Title: Developing an Extension of the TELL Curriculum for 3-Year-Old Children with Developmental Speech and/or Language Impairment
Center: NCSER Year: 2018
Principal Investigator: Gray, Shelley Awardee: Arizona State University
Program: Early Intervention and Early Learning      [Program Details]
Award Period: 4 years (07/01/2018-06/30/6022) Award Amount: $1,400,000
Type: Development and Innovation Award Number: R324A180093
Description:

Co-Principal Investigators: Wilcox, M. Jeanne; Zheng, Yi

Purpose: The purpose of this project was to develop and pilot test an expanded version of Teaching Early Literacy and Language across the Curriculum (TELL), a preschool curriculum designed to promote differentiated instruction for children with developmental speech and/or language impairments to improve oral language and early literacy skills. The expanded version of TELL, originally designed for 4-year-old children, extended the curriculum down to age 3. Many children with mild to moderate delays or disabilities are not receiving high-quality preschool special education with evidence-based literacy instruction and environments that promote language development. The need for a curriculum that could be feasibly implemented with fidelity by preschool teachers led to the development of the original TELL for 4-year-old children. The results of an IES-supported efficacy trial indicated that children with developmental speech and/or language impairment who received TELL demonstrated significantly more growth in a number of early language and literacy skills (e.g., receptive and expressive vocabulary, print knowledge, phonological awareness) than children in the control group. However, preschool frequently begins at age 3, and these children may experience 2 years of preschool or be in mixed-aged classrooms with 4-year-old children. Thus, this project adapted the TELL curriculum, curriculum-based measures (CBMs), and professional development training to cover a wider developmental range that included 3-year-old children.

Project Activities: The research team developed the intervention in three phases. They adapted the existing curriculum based on feedback from practitioners and a review of professional early learning standards, ran iterative trials of the revised intervention, and conducted a feasibility study. For the pilot study, the team conducted a small randomized controlled trial of the revised TELL curriculum to test its promise for improving the oral language and early literacy skills of 3-year-old children with developmental speech and/or language impairments.

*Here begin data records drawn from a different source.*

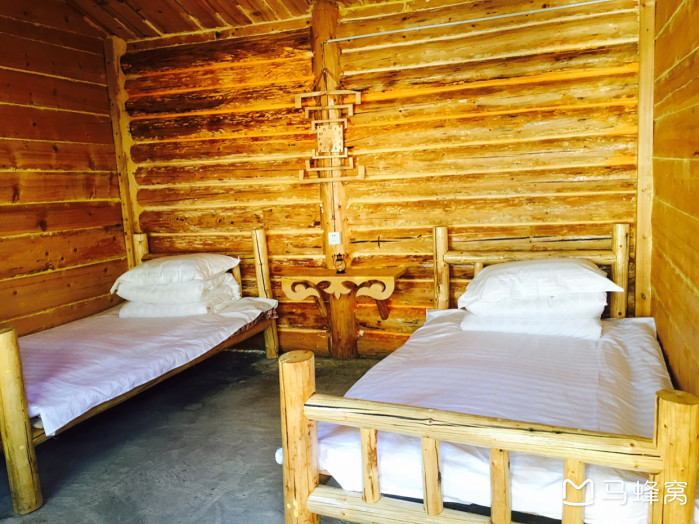 去琼库什台那里住宿方便吗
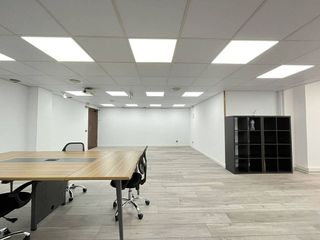 Oficina en alquiler en La Nova Esquerra de l'Eixample en Barcelona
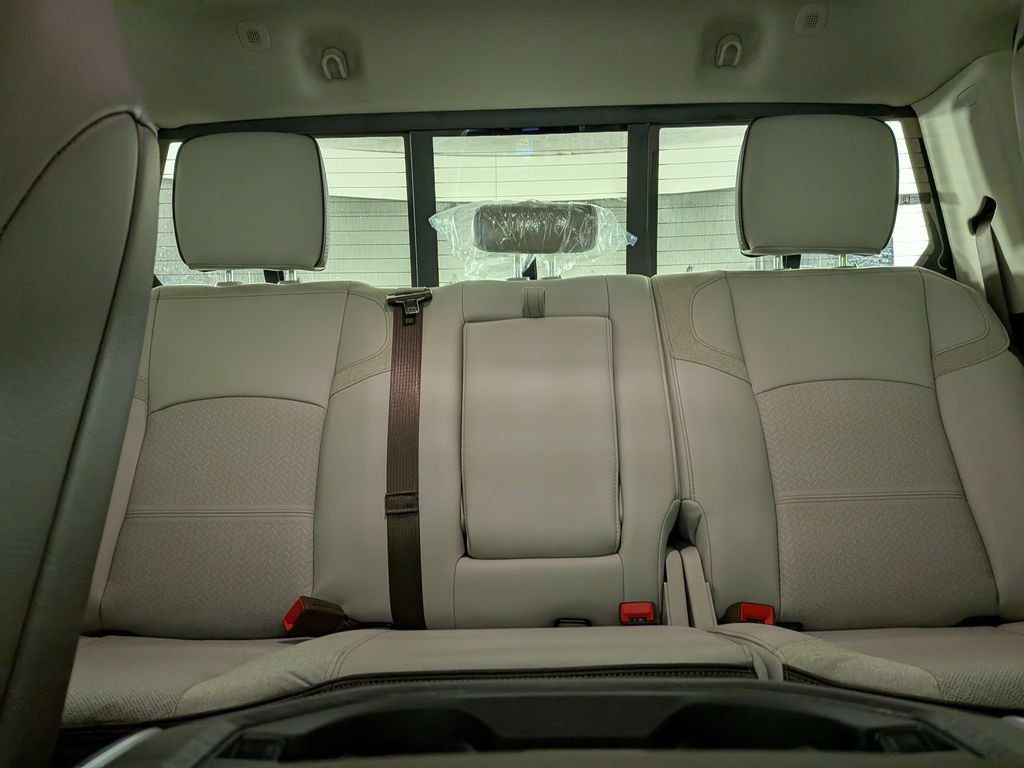 New 2026 RAM 3500 Laramie AWD/4WD image 27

Key Outcomes: The main findings of this project, as reported by the principal investigator, are as follows:

  • Teachers implemented TELL with high fidelity with 3-year-old children. There were greater increases in the quality of language and early literacy classroom environments for those teachers in the TELL group compared to the control group during the pilot study.
  • There were no statistically significant differences in the oral language or early literacy skills of children in the TELL group compared to those in the control classrooms at the end of the pilot study.
  • Professional development training for TELL was implemented with high fidelity.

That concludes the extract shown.